As I have said before (in response to other prejudiced American idiots), blaming all Moslems for ISIS is like blaming all Christians for the IRA.


----------



## AlisonM (Dec 8, 2015)

I reckon rational argument is beyond him. And, will he ever give a sensible answer to a sensible question? No. He may be very clever when it comes to making money but in all other respects he's an idiot. And what's with this third person nonsense?
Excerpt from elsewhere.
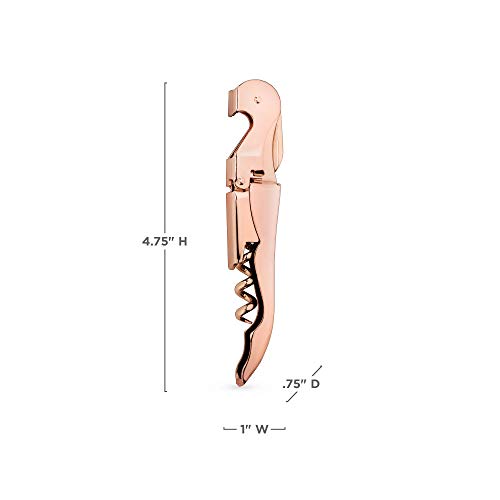 Viski Summit Double Hinged Waiters Corkscrew Wine Opener with Foil Cutter, Durable Stainless Steel with Built-in Bottle Opener for Beers and Soft Drinks, Home Bar, Kitchen, Travel, Set of 1, Copper - style: Copper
It seems to me that he's a figment of his own imagination and trying to market himself as a 'product'. He scares me.


----------



## KookyCat (Dec 9, 2015)

I'm going to state very clearly that I in no way support anything Donald Trump says, that's important, but he's actually very clever I think and playing much the same game as the terrorists he is talking about (I prefer not to call them by any name associated to any religion because I don't believe they have any real connection to it).  People are fed up with politicians manipulating them, the days of the political spin machine are dying a death.  There's a thirst for truth.  Problem is people can't identify truth very well, if they could, the spin machines would never have been born in the first place.  They mistake passion for truth.  He's saying what a lot of people are thinking, because despite it all we're all just simple creatures who dislike and distrust anything we don't understand.  So he makes himself the maverick, the refreshing breath of truth.  Grooming works because they tell enough of the truth to make it plausible, then go for the basic human desire to connect, they target those who are disconnected and promise to make it better.  the terrorists ally themselves to a religion to identify themselves, they make that religion the enemy to perpetuate the cycle of exclusion and keep their pool of supporters alive.  They feed off this sort of reaction, but this reaction is a normal human behaviour.  It's just another form of manipulation, hiding behind the mask of truth, strategies to get people to support their political agenda.  The sad thing is, the people who are actually telling the truth go unheard.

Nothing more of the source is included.